15. A method of making a blow molded container as in claim 13
wherein the right side surface and the left side surface each have
a grip area, the entire grip area having a layer of said
elastomer.
16. A method of making a blow molded container as in claim 11
wherein the container body has a front surface, a rear surface, and
a right side surface and a left side surface connecting the front
surface to the rear surface, at least a part of at least one of the
front surface and the left rear surface having a grip area, the
grip area having the layer of said elastomer.
17. A method of making a blow molded container as in claim 16
wherein the front surface and the rear surface each have a grip
area, at least a part of each grip area having a layer of said
elastomer.
18. A method of making a blow molded container as in claim 15
wherein at least one of the front surface and the rear surface
having a grip area, the full grip area has the layer of said
elastomer.
19. A method of making a blow molded container as in claim 11
wherein the container has a cylindrical cross-section and has at
least one grip area, only the at least one grip area having a layer
of the elastomer.
20. A method of making a blow molded container as in claim 19
wherein there are two grip areas, only the two grip areas having a
layer of elastomer.
Description
CROSS-REFERENCE TO RELATED APPLICATIONS
[0001] This application is a continuation-in-part of U.S. patent
application Ser. No. 11/307,700 filed Feb. 17, 2006, now pending,
which application claims the benefit of U.S. Provisional
Application No. 60/661,736, filed Mar. 15, 2005. These applications
are incorporated herein by reference in their entirety.
BACKGROUND OF THE INVENTION
[0002] This invention relates generally to molded polymeric
containers, and more particularly to methods for making overmolded
containers, which enhance the gripping of the containers.

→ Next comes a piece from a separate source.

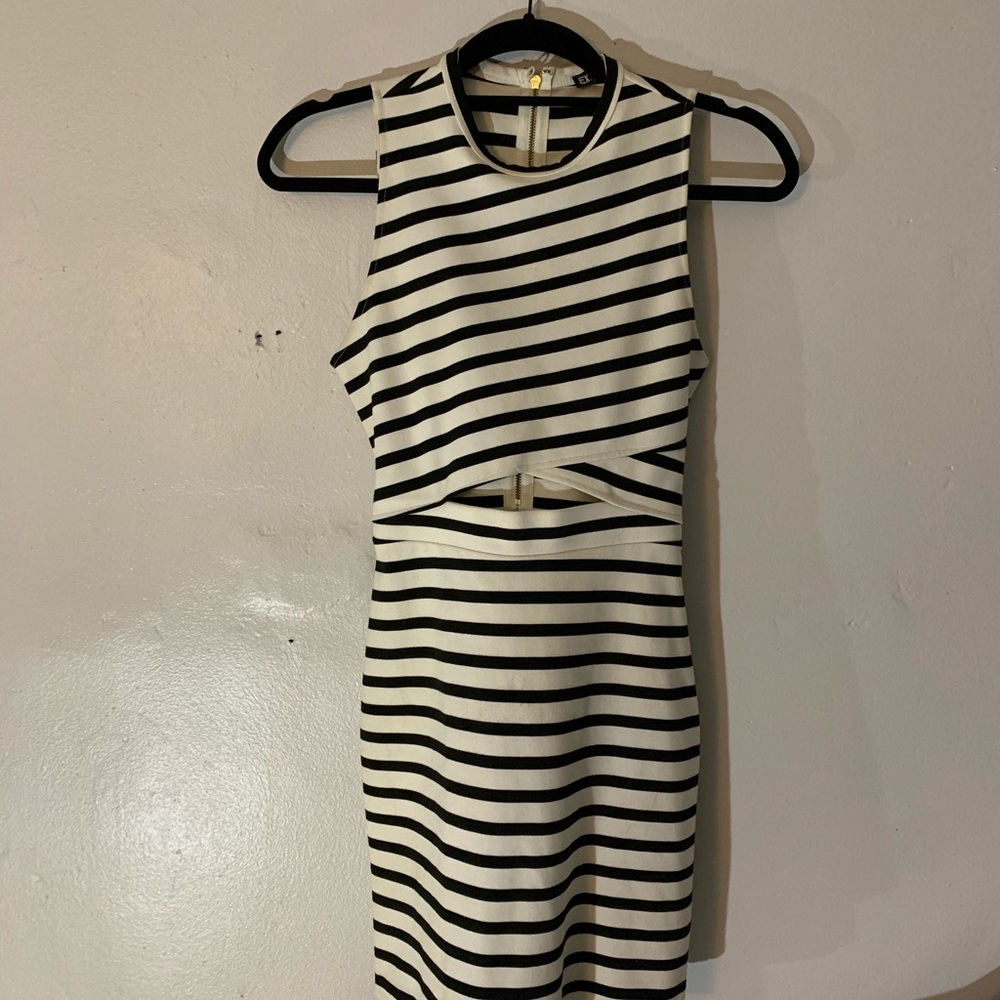 Cute Express Cut Out dress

[0003] Polyethylene terephthalate (PET) based polyesters have been
widely used as container materials because of their good mechanical
properties and barrier properties. Containers made from PET,
however, typically have hard and smooth surfaces. These surfaces
are difficult to grip, and containers can slip from a consumer's
hand, causing the container contents to spill. This loss of grip is
often exacerbated when a filled container product (e.g., a
container containing a beverage) that has been stored at low
temperature (e.g. in a refrigerator) is taken out for use at room
temperature such that water condenses onto the outside of the
container. This loss of grip is also present for containers that
are used in a wet environment such as containers of oral and
personal care products such as mouth washes, shampoos,
conditioners, shower gels and body washes. In addition containers
that are used for household cleaning products lose some of their
gripability when a person's hands are wet. Such containers include
those used for dish detergents and for tile, tub, shower and other
hard surface cleaning. It therefore would be highly desirable to
improve the grippability of PET containers, as well as other
thermoplastic polymeric containers, especially for product
containers that frequently find use in conditions under which the
outside of the containers and/or a person's hands are wetted prior
to or during use. As used herein, the terms "grippable" and
"grippability" refer to the characteristic of a surface of a
container that one is able to hold firmly, without slipping from
one's grasp.
[0004] Overmolding or multi-component molding has been widely used
in the injection molding industry. Overmolding is essentially
defined as a process that produces finished components with two or
more thermoplastic based resins by way of injection molding. When
there are two overmolding components the technique also is known as
bi-injection molding. Overmolding has been used in the cable
industry for many years, and has found increasing interest in the
industrial and consumer goods industries. In these industries, many
applications combine a soft touch material with rigid parts. The
soft touch materials provide improved aesthetics, better tactile
properties, and improved grippability. The most widely used method
of combining a soft and rigid material is by overmolding onto the
surface of a finished product such as a container. Traditionally,
overmolding of the soft material directly onto the rigid material
creates the finished product part. It would be desirable to provide
techniques to apply soft touch materials onto rigid containers at
the time that the container is being produced. This is a part of
the present invention. Overmolded layers are applied to container
preforms which results in the overmolded layer being a part of the
exterior of the container after blow molding.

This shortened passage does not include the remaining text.